So I got my computer set up in Nashville and started “surfing” the Internet – which put in place the first of two elements that would converge a year later into what would turn out to be the reason I’d come to Nashville.

* * * *

The second element evolved over the course of my first year in The Music City, in the form of a growing awareness of the vast pool of unrecognized talent that subsists just beneath the thin crust of the mainstream commercial music industry.

I started spending a fair amount of time at clubs like The Bluebird, the Commodore Lounge, and a place on Nolensville Road I can’t remember the name of that is now a Mexican restaurant. In Nashville, it seemed, every coffee house, restaurant and Mapco Express store hosted a “writer’s night.”

Alan Rowoth, the Godfather of all that is "Folk" on the web...

Alan Rowoth, the Godfather of all that is “Folk” on the web…
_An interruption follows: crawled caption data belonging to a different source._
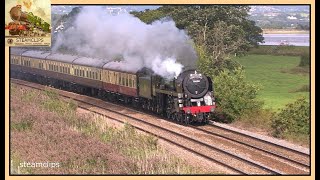 70000 Britannia Cuts a Dash on the Torbay Express. 30 Aug. & 13 Sept. 2015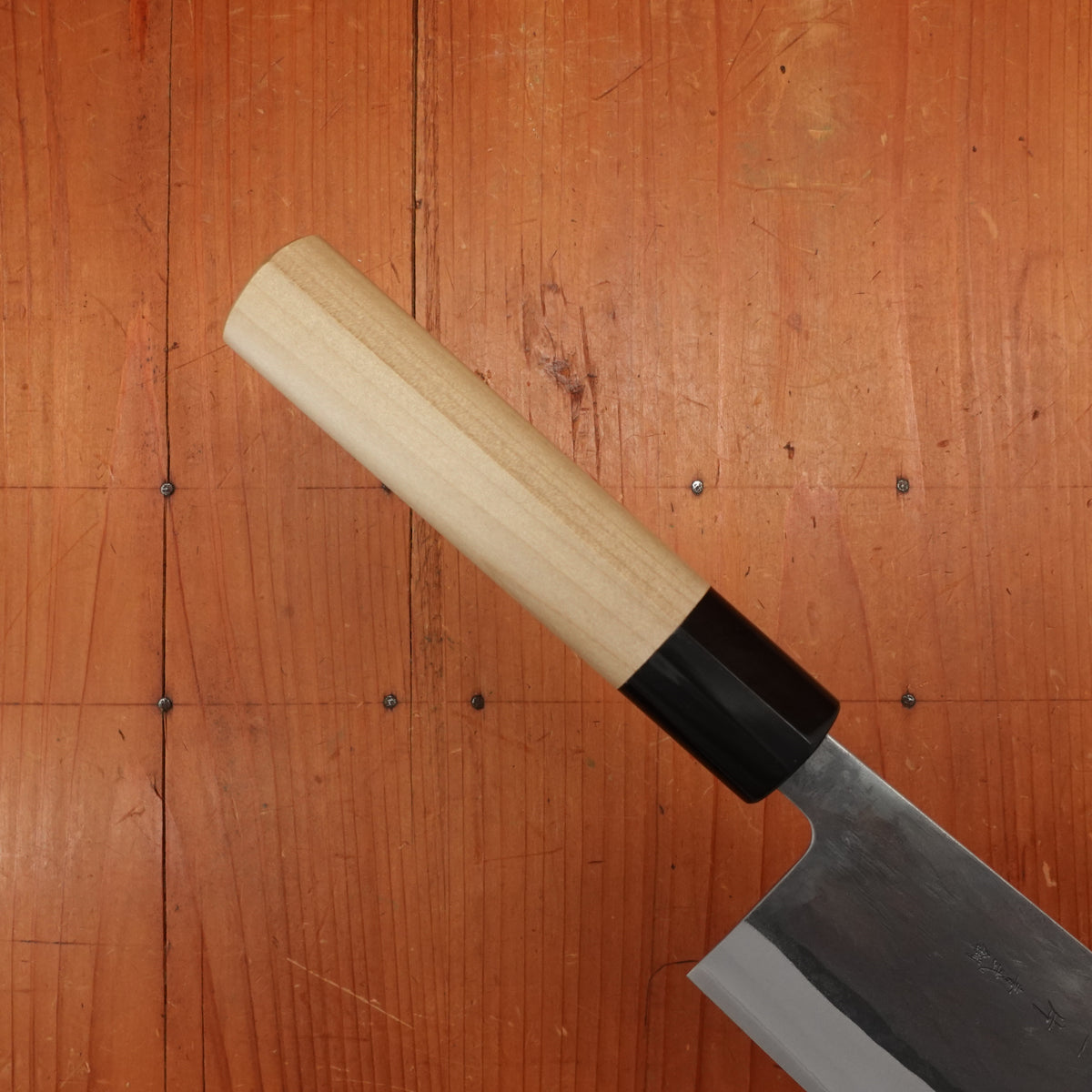 Hitohira TD 165mm Nakiri Stainless Clad Aogami 2 Kurouchi Ho Wood Handle (D-Shape)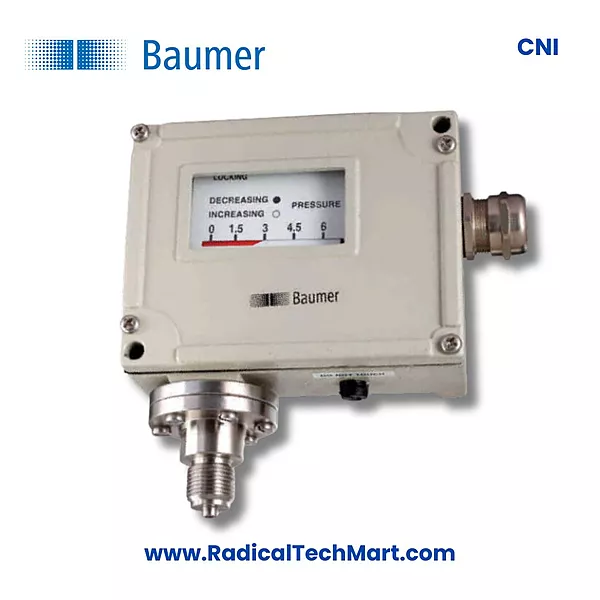 Baumer CNI Adjustable Dead Band Diaphragm Pressure Switch
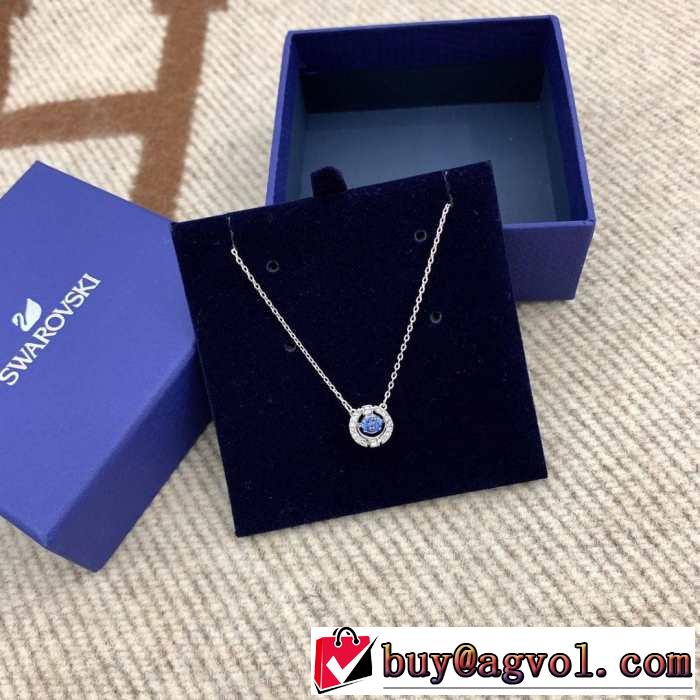 今流行りの最新コレクション 2019春夏のトレンド新商品 スワロフスキー SWAROVSKI ネックレス 3色可選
At the same time I had started subscribing to a listserve called simply “Folk Music” – hosted by a New Yorker named Alan Rowoth – that exchanged dozens of messages every day from all over the world about otherwise largely undiscovered talents.

In these small venues, and through the Folk Music list, I started to discover brilliant, entertaining, heart-touching performing singer/songwriters like Tom Kimmel (Angels), Michael Lille (Life On the Run), Jana Stanfield (I’m Not Lost, I’m Exploring), Buddy Mondlock (The Kid) and countless others who lived not only in Nashville, but all over the country… and the world. I discovered people like Don Conoscenti, Pierce Pettis and Tom Prasada-Rao, Barbara Kessler and Cheryl Wheeler – all of whom worked a nationwide circuit of small clubs and coffee houses.

“This life as a modern folk musician…” I remember Barbara Kessler saying in the midst of a round at The Bluebird, “…it’s mostly driving…”

But I truly hit the motherlode when I learned about a weekly event called “The 6 Chair Pickin’ Party.” Almost every Wednesday night, a fuzzy bear of a man named Mike Williams and his wife Kathy would welcome five songwriters to sit in a circle in their living room. Atop a hill in West Meade Mike with his baritone 12-string guitar and these unheralded talents would swap songs and tall tales for several hours. It was truly “the church of the Holy Song Circle” – where some of the finest songwriters on the planet would “gather and pray… for cuts” (as I described it myself in one of the few songs I’ve ever written myself…)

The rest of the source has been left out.